Zanzibar is a popular tourist destination for many Europeans. You might think of it as Europe’s Mexico, though the island is almost 100% Muslim, and nearly all the people who work in resort-type places come from the mainland, or from neighboring Kenya. The Muslims on the island are used to tourists, and many of them make a living from tourism by selling things, driving people around, and offering tours, among other things. As a result, it is nearly impossible to go anywhere without feeling like a tourist.

Indeed, it is impossible to walk down a street in Stonetown, the main city on the island, without hearing “Jambo,” the greeting that islanders give foreigners who they assume speak no Swahili. Jambo is not proper Swahili, but over the years it has developed into this common greeting, to which tourists are told to respond Jambo. Easy, right? This word has become so used that I noticed Zanzibaris actually greeting and responding to each other in such a way, despite that the fact that in non-slang Swahili, the greeting should be “Hujambo,” which is then replied to with “Sijambo.” This means literally, “Are there problems/matters with you?” Then, the response means, “There are no problems/matters with me.” As someone who speaks a little Swahili, I nearly always responded with “Sijambo,” which occasionally led to a string of Swahili greetings, but more often than not led to the greeter in question offering to sell me something. And in some cases, my response of “sijambo” actually made no sense, because the men trying to sell me things were actually beginning to croon a refrain from the popular tourist song “Jambo, jambo bwana,” in an attempt to sell the CD that I presume the song is on, and were not actually greeting me at all.
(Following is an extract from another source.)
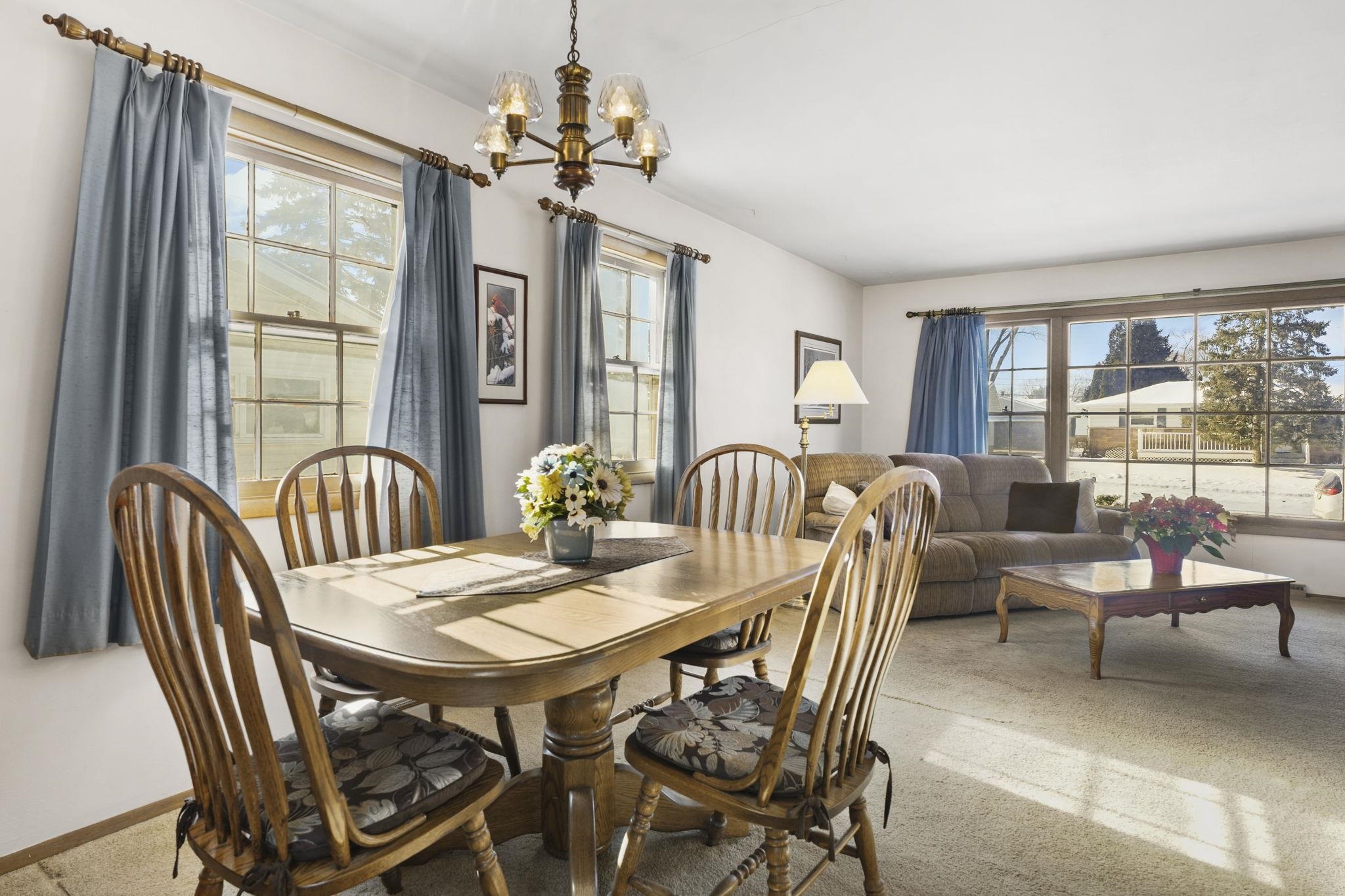 125 Cameo Lane Madison, WI 53714 - Photo 15 of 41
There is some arrogance in what you may think I am suggesting: that I am somehow not a tourist. In actuality, I am very much a tourist, but my experiences as a tourist are very much shaped by my experiences as a resident of Ngara, and the knowledge I have accumulated as a participant in and observer of Tanzanian culture. I feel like less of a tourist, despite the fact that in almost every way I am behaving like one, going to tourist bars and restaurants, hanging out at the beach, and spending far more money in a day than most of the people I am interacting with can imagine spending on themselves over the course of a month. Even when I eat at local places, and I am still very much a tourist. Maybe well off Tanzanians can afford to spend a $1 on breakfast every day, but to most Tanzanians that is a luxury they cannot afford. To some, eating breakfast at all is out of the question, while I can go to a tourist restaurant for breakfast and spend $10 almost without thinking about it. The staff of these restaurants – as people lucky enough to have a steady job in the tourism industry – presumably can afford to eat breakfast, but certainly they could never afford to actually have a meal at the place they are working,

Because of this I have very mixed feelings about being a tourist. Yes, my “tourist activities” are helping people make a living, but my own standard of living is so far beyond the standard of living of these people that I can drop what to them is unimaginable amounts of money on things that are entirely non-essential. In reality, this is not just my mixed feelings about being a tourist, but actually my mixed feelings about being someone of privilege: by the accident of my birth, and the country from which I am from, I am able to spend comparatively large amounts of money without thinking twice about it, while the people who handle the money are handling amounts that would make a tremendous difference in their life, and the lives of the people who live around them. I can, and do, tell myself that giving people money won’t solve any of the structural problems that create global inequity, but that doesn’t stop me from feeling guilty.